● **Exercise**
Output, word for word, each line from the one with "Très belle blouse" through the end of the listing below, excluding every picture.

● **Data**
++++++++++++++++++++

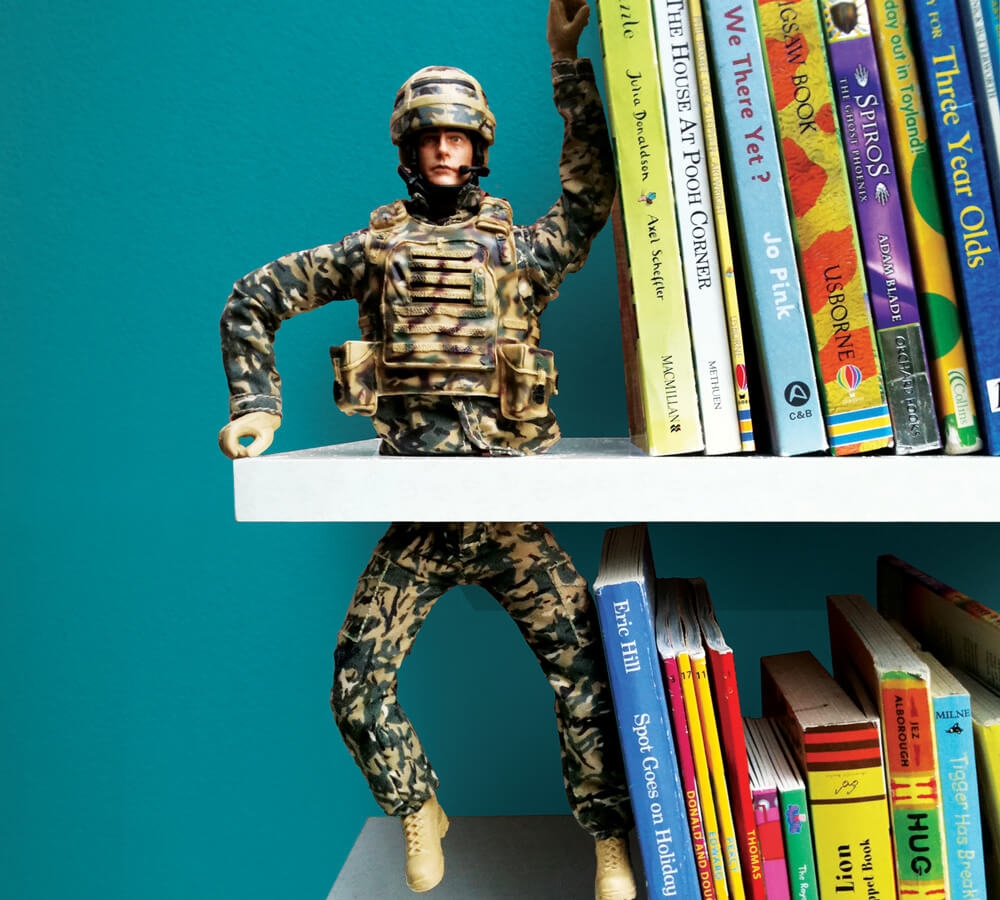 Repurposed action figure bookend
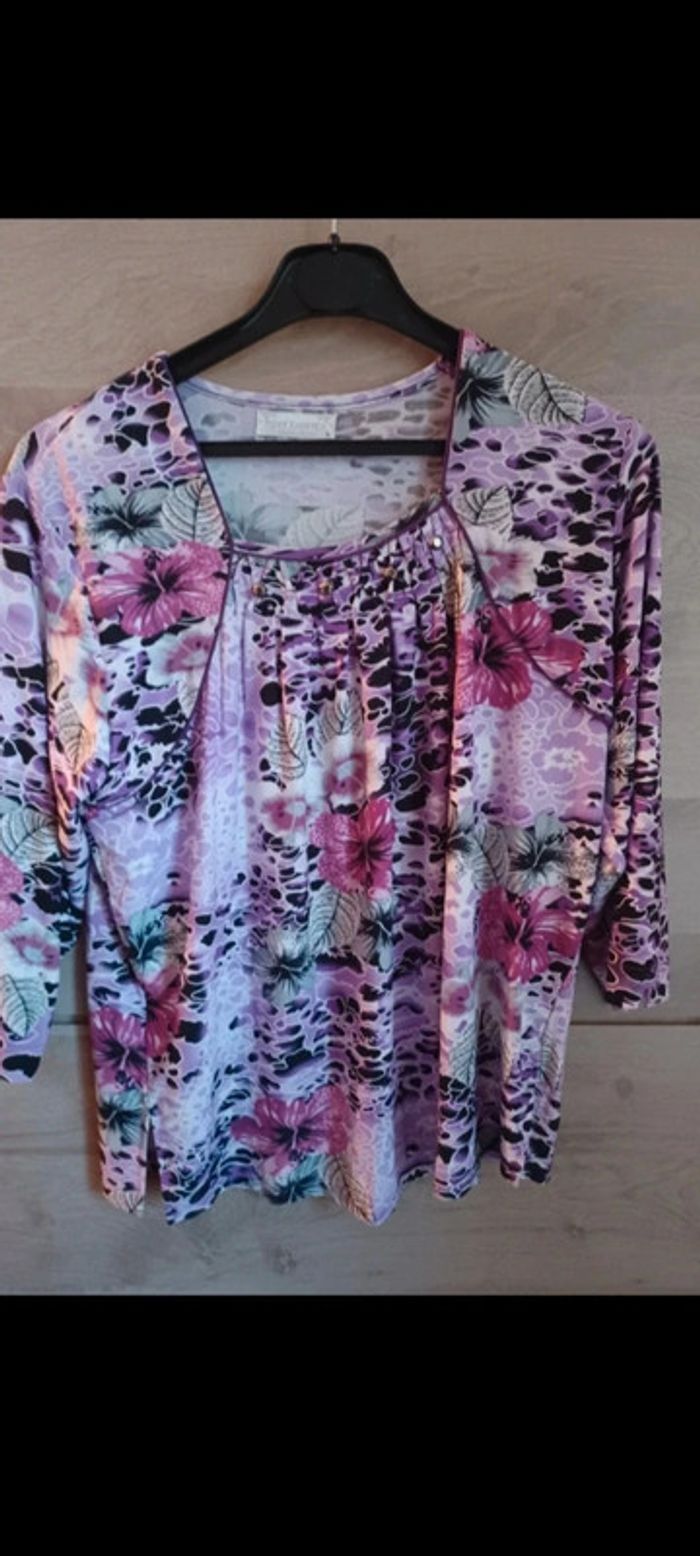Très belle blouse neuve taille 40 violet rose marque rose fashion - photo numéro 4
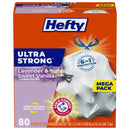 Hefty Ultra Strong 13 Gallon Trash Bags, Tall Kitchen Trash Bags 13 Gallon Size, Drawstring Closure, Continuous Odor Control, White, Clean Burst Scent, 110 Bags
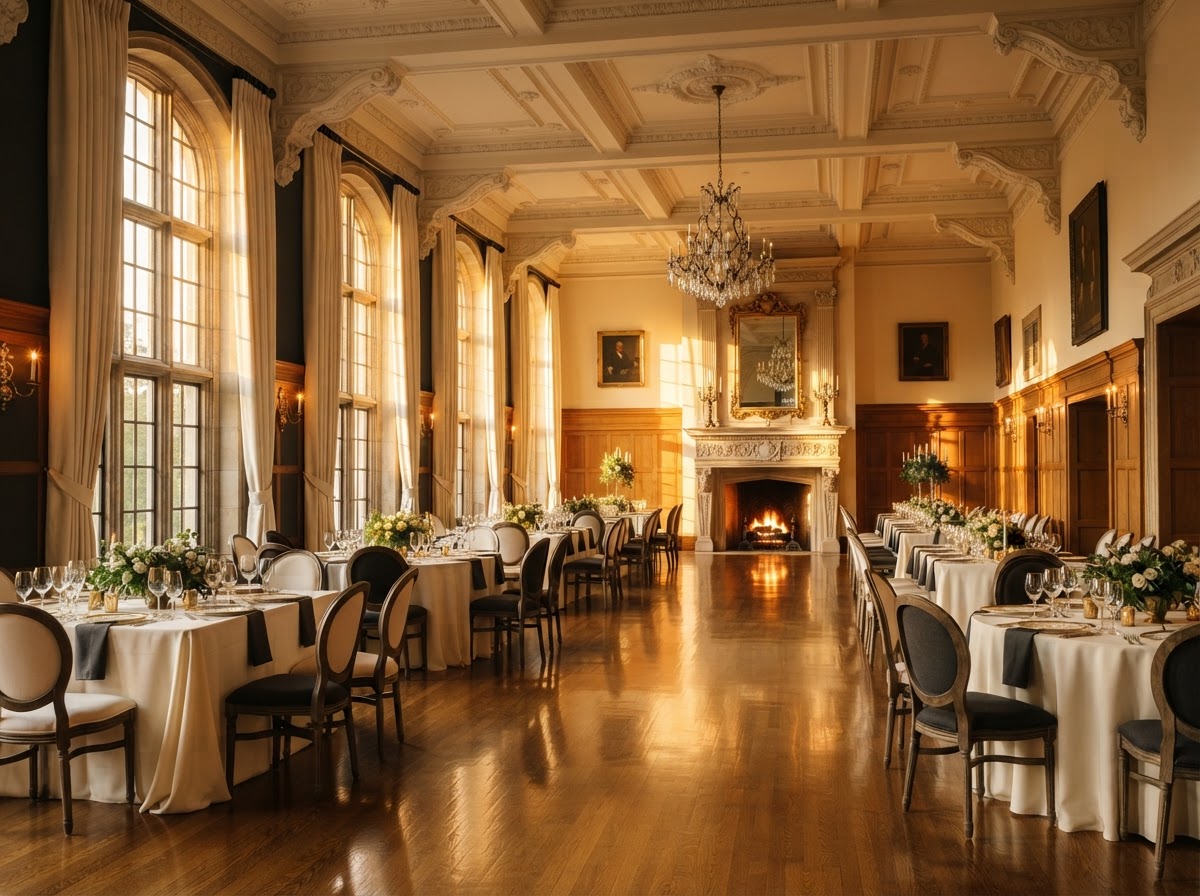 The Main Hall at The Linden Estate — The heart of the estate — a restored ballroom with arched windows, a stone fireplace, and oak floors that hold the light at golden hour.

++++++++++++++++++++

● **Exercise output**
Très belle blouse neuve taille 40 violet rose marque rose fashion - photo numéro 4
 Hefty Ultra Strong 13 Gallon Trash Bags, Tall Kitchen Trash Bags 13 Gallon Size, Drawstring Closure, Continuous Odor Control, White, Clean Burst Scent, 110 Bags
 The Main Hall at The Linden Estate — The heart of the estate — a restored ballroom with arched windows, a stone fireplace, and oak floors that hold the light at golden hour.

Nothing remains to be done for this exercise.